Callistas y podólogos

Alarmado por mi equipo médico habitual, el otro día fui al callista, que ahora, y como las ciencias adelantan que es una barbaridad, se llaman podólogos. José Manuel Vilabella
Los podólogos tienen la asepsia y la metodología de los dentistas, pero en lugar de sacarte las muelas te cortan las uñas con delicadeza exquisita. La denominación de callista ha dejado de ser ambigua y se refiere –¡al fin!– a los elaboradores de callos, una de nuestras maravillas culinarias. Un servidor, que antaño fue algo tiquismiquis, probó los callos por primera vez en Noreña (Asturias) con su amigo Miguel Ángel Fuentes y el difunto coronel Pellicer. El coronel acababa de regresar de la guerra de Bosnia y compareció en el restaurante El Sastre con su uniforme de camuflaje y una pistola al cinto. “¿Que no te gustan los callos, insensato?”, dijo cuando se enteró de mi fobia al plato local. Autoritario metió la cuchara en el condumio y me ordenó: “¡Abre la boca, coño!”. Él era coronel, estaba armado y yo había sido soldado de segunda; le obedecí con disciplina castrense y probé por vez primera la maravilla que hoy forma parte de mis 10 platos favoritos. Por una simple cuestión de estética había perdido 60 años de mi vida gastronómica. Confieso mi estulticia. Desde entonces he procurado recuperar el tiempo perdido y devoro el plato que tanto critiqué y denosté por escrito, posiblemente en estas mismas páginas.

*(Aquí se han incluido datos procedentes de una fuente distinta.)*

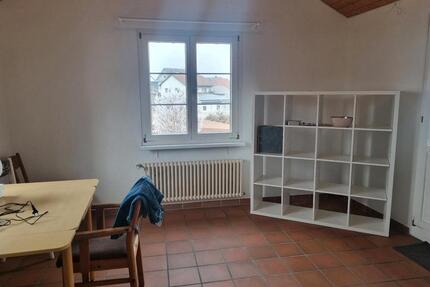 WG-Zimmer in großzügiger Wohnung mit eigenem Bad, Gartenmitben - Klettgau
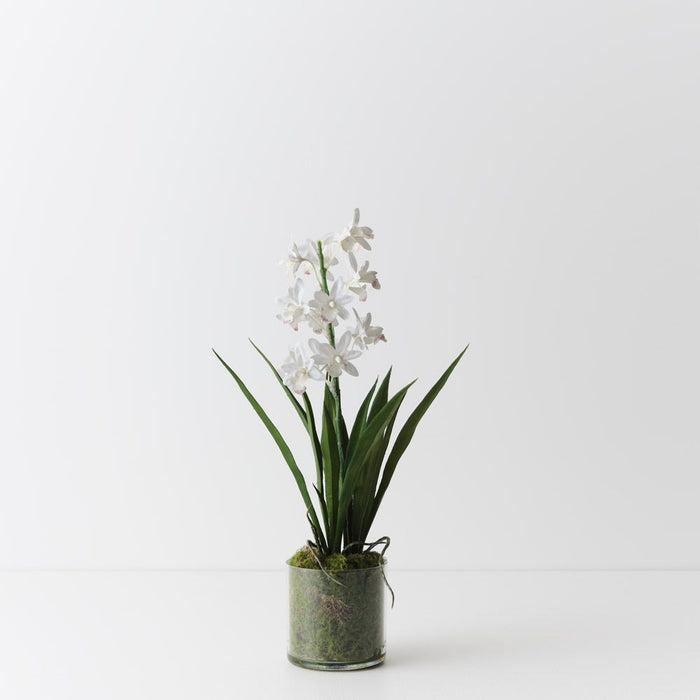 Orchid Cymbidium in Vase White 45cm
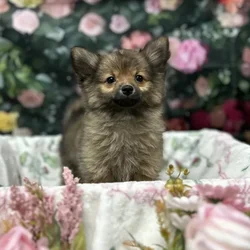 Male Pomeranian puppy for sale at Puppy Time Puppies Inc.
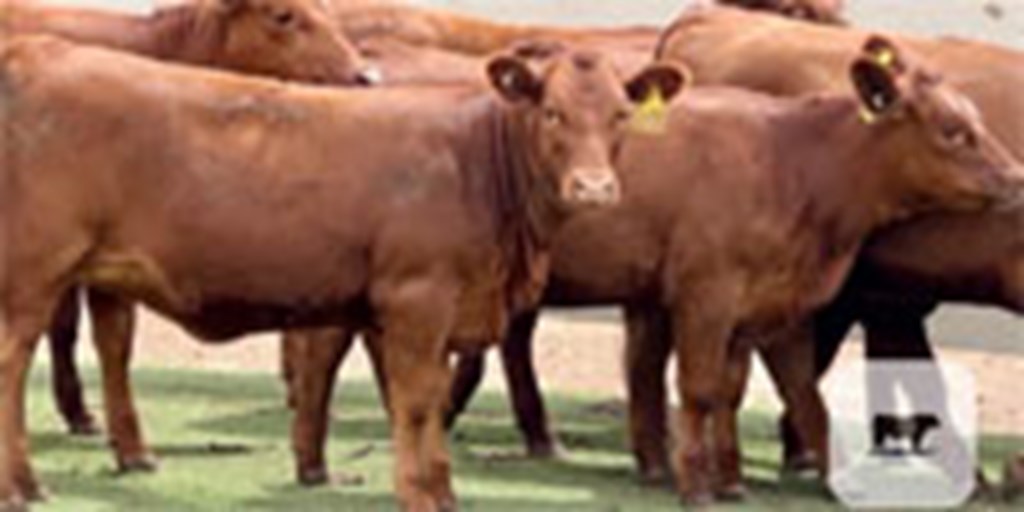 12 Red Angus Rep. Heifers... Central TX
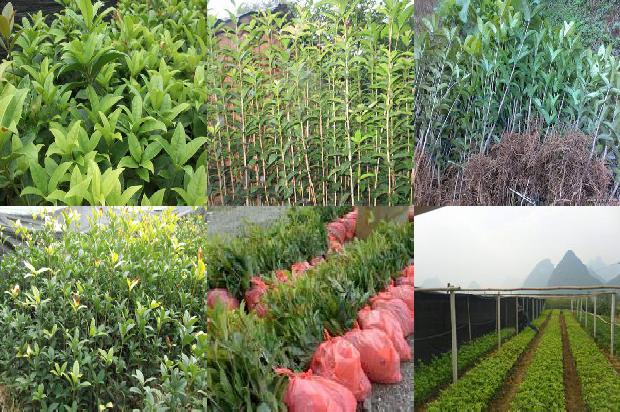 桂花苗木价格查询最新消息1689985827700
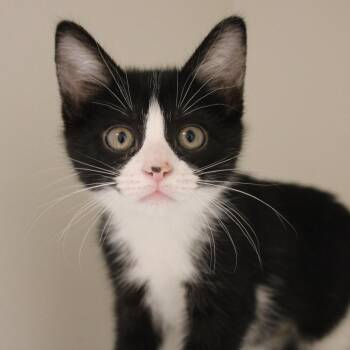 Little Foot -  Domestic Short Hair Cat Available for Adoption in Champaign, Illinois - Little Foot | PetCurious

Son los callos el penúltimo triunfo de los pobres, de los pobres del Medievo. La plebe, el pechero, el que ejerce oficio de manos, el súbdito o el ciudadano, que son los diversos nombres con que se conoce al desdichado que paga los impuestos, siempre encontraron la forma de hacer comestible lo incomible e, incluso, convertir el comistrajo en algo suculento y sublime. De la res sacrificada los distintos estamentos del poder se llevaban lo que les correspondía: el clero tomaba su diezmo y sus primicias; el soldado se quedaba con los cuartos delanteros; el señor feudal, el del derecho de pernada, cogía aquí y allá lo que le apetecía; y el rey se llevaba su parte para sufragar sus guerras y aventuras. Lo que quedaba era el rabo, las criadillas, el estómago. El pechero –parece que lo estoy viendo– se acercaba, miraba al cielo, se rascaba el cogote, decía una palabrota en román paladino y se ponía a cocinar mientras farfullaba improperios. Los callos fueron el resultado del ingenio, el triunfo de la imaginación de un cocinero anónimo. Toda España rinde homenaje al callo y todos los españoles los consumen con fruición; es una mirada hacia atrás sin ira. Cada región los prepara a su manera. En Galicia se cocinan con garbanzos; en Asturias se elaboran muy picaditos, se ilustran con jamón y se sirven con patatas fritas; en Madrid se toman con cuchillo y tenedor. Los callos de Lhardy son famosos y carillos, pero la cubertería es de plata y el entorno, una reliquia histórica. La coquinaria española está unida por la tortilla de patata y separada por las distintas versiones del callo y su significado sociológico. Es éste un plato con mensaje, que habla, y si se le escucha atentamente oiremos los lamentos del pobre, los gritos por las injusticias de ayer y de hoy, las que se repudian en las manifestaciones callejeras. El pobre solo tiene el callo y la palabra; la gente manda en el lenguaje, es su privilegio, su espada, su puñal. El callo se lo pueden quitar los poderosos; le pueden arrebatar la comida y el techo, pero la palabra y el grito no. El lenguaje es su patrimonio.